Chris-PA
Where the Wild Things Are
If I stop mine down for a long burn the door glass will cloud up too, but I don't get the coaling.L.O.L.
I'm lovin' the drawing Steve, but ya' forgot the air wash/primary, so I added it in red.
It's super easy to tell where the air wash/primary is reversing direction by looking at the glass on my door.
The bottom two-thirds is now a white milky, translucent color... the glass is permanently etched because it wasn't getting the cooling effect of the air wash.
When I got that thing it had been used a few years, yet the glass was crystal clear... and it stayed clear right up until the cold weather and operational problems started.
The transition from clear glass to etched glass is exactly where the newspaper smoke reversed direction during my "smoke bomb" test... which was very enlightening, the upper third (or maybe a bit more) of the firebox filled with thick, rapidly swirling, grayish-yellow smoke, the lower two-thirds barely even turned hazy... and even that took a couple of minutes before it did.

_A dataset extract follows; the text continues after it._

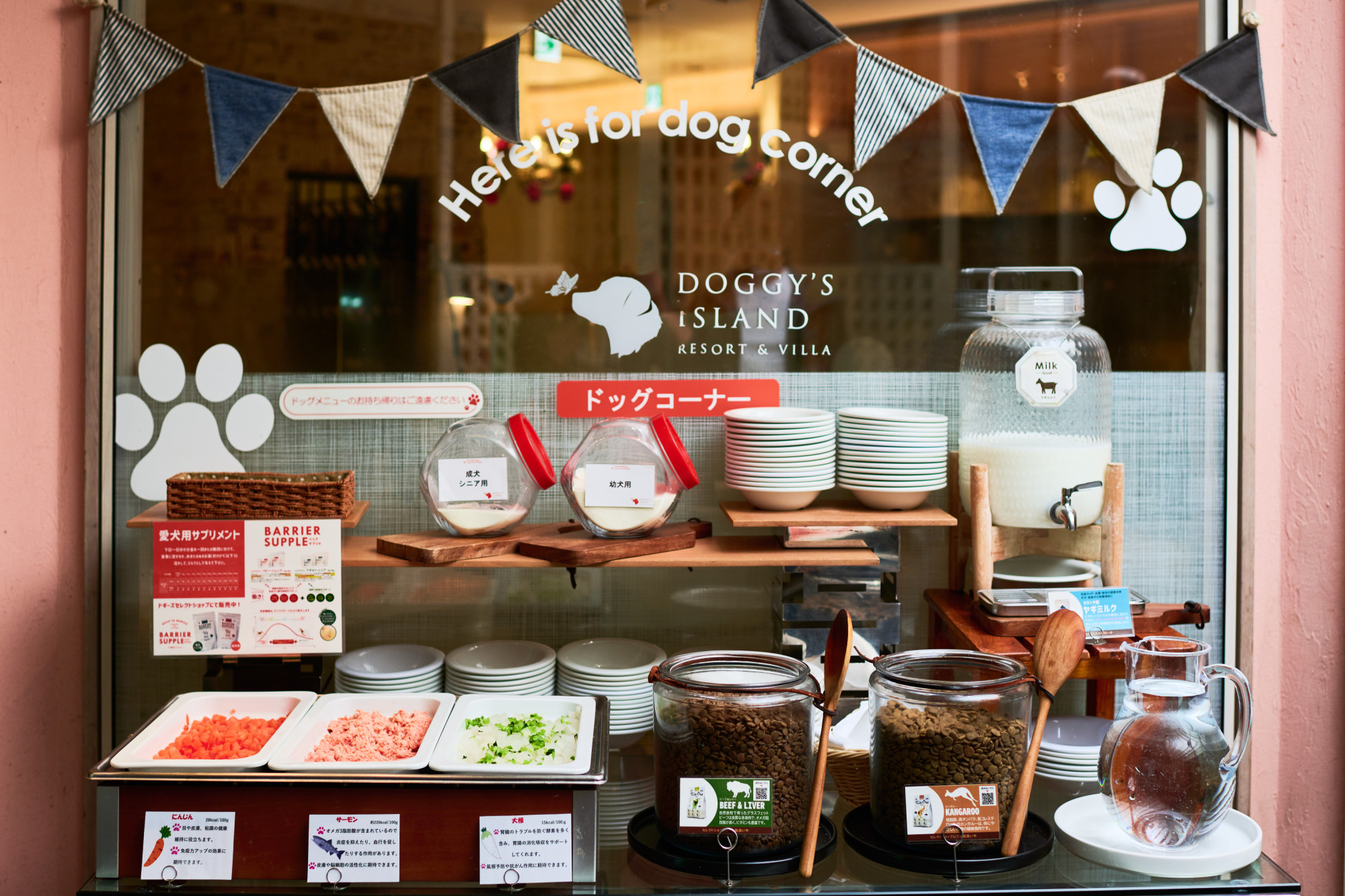 わんこ用のビュッフェも充実！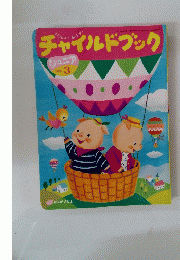 チャイルドブック　２０１５年3月号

I think the drawing is a good illustration, but it's still a small firebox and I don't believe you can have that much airflow through the top half of it and get the bottom so starved for oxygen it coals.
I think the missing ingredient is burying the bottom logs in ash from a fast burning fire up top due to uncontrolled secondary air.
BTW - I like having an on-topic group discussion and figuring out real problems.